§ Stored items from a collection
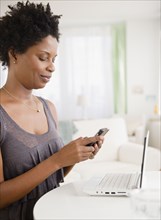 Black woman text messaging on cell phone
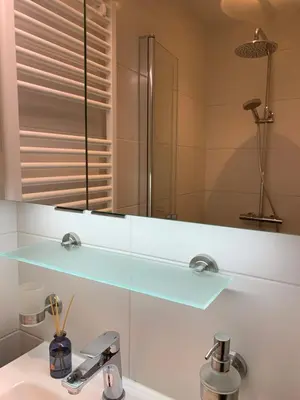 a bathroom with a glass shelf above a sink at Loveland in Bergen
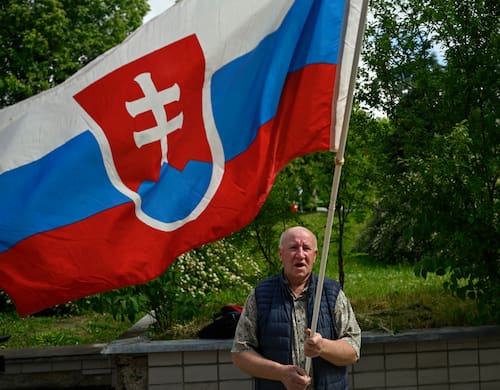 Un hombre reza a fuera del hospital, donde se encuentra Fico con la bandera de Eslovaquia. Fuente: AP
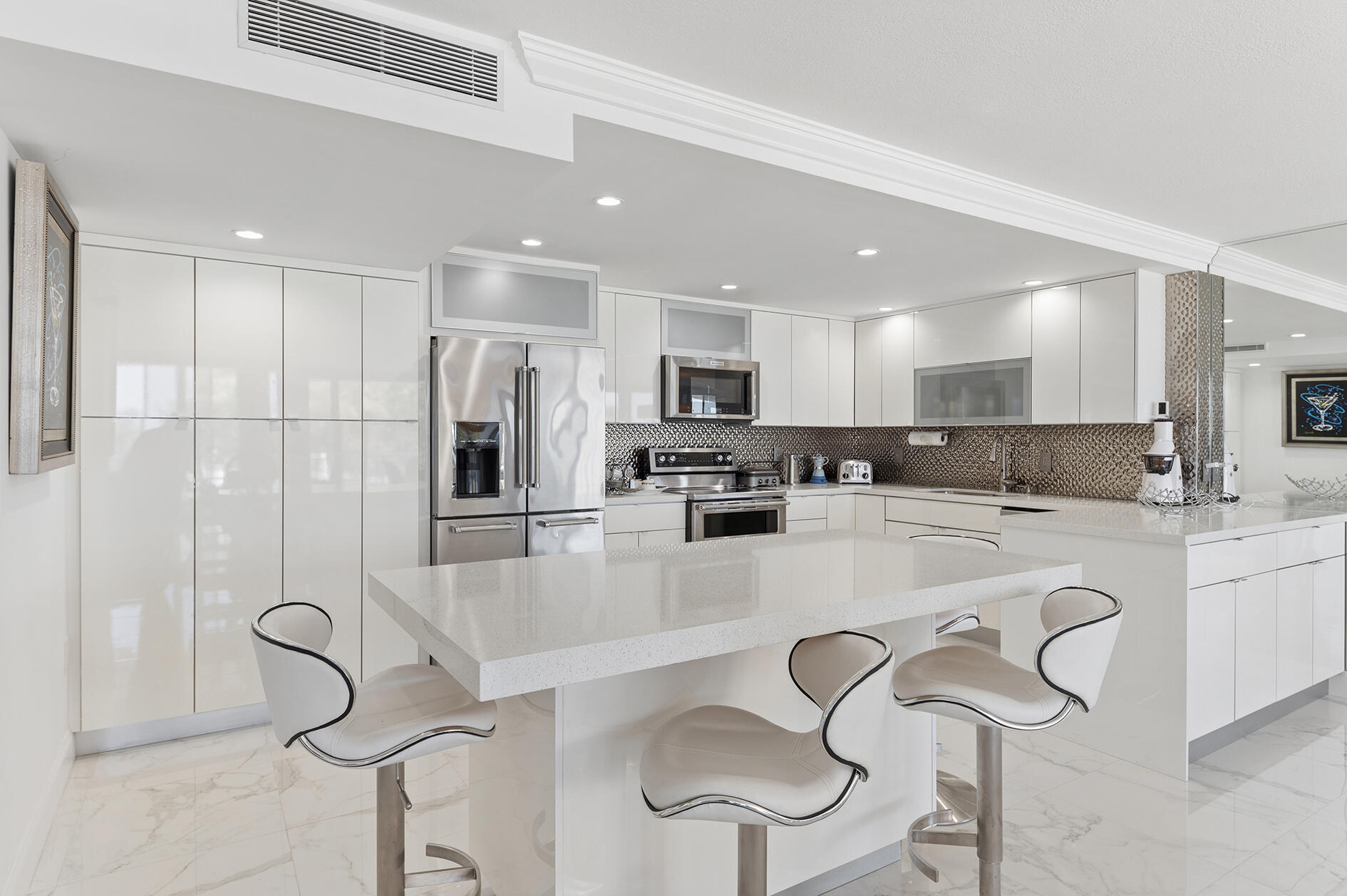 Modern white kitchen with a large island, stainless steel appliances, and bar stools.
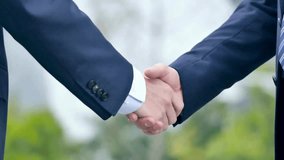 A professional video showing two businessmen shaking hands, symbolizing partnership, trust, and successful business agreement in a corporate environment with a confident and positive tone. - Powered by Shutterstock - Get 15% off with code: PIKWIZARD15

==

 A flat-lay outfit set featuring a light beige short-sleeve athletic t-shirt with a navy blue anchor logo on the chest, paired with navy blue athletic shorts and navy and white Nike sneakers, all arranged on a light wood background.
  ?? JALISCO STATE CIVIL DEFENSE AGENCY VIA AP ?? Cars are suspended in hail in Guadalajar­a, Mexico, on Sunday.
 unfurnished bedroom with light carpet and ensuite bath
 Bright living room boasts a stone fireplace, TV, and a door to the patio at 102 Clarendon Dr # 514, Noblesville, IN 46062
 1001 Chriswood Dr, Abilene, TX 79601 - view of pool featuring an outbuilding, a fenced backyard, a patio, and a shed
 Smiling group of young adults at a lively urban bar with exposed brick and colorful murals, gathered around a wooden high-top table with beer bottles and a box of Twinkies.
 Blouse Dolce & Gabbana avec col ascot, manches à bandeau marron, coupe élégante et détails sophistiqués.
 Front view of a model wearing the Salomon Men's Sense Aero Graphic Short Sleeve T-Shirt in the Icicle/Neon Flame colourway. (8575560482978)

§ HOW TO COMPLETE THIS TASK
Word for word, restate the lines of the data above that fall between the line holding "unfurnished bedroom with" and the line holding "Front view of", inclusive, and no other lines.

§ RESPONSE
 unfurnished bedroom with light carpet and ensuite bath
 Bright living room boasts a stone fireplace, TV, and a door to the patio at 102 Clarendon Dr # 514, Noblesville, IN 46062
 1001 Chriswood Dr, Abilene, TX 79601 - view of pool featuring an outbuilding, a fenced backyard, a patio, and a shed
 Smiling group of young adults at a lively urban bar with exposed brick and colorful murals, gathered around a wooden high-top table with beer bottles and a box of Twinkies.
 Blouse Dolce & Gabbana avec col ascot, manches à bandeau marron, coupe élégante et détails sophistiqués.
 Front view of a model wearing the Salomon Men's Sense Aero Graphic Short Sleeve T-Shirt in the Icicle/Neon Flame colourway. (8575560482978)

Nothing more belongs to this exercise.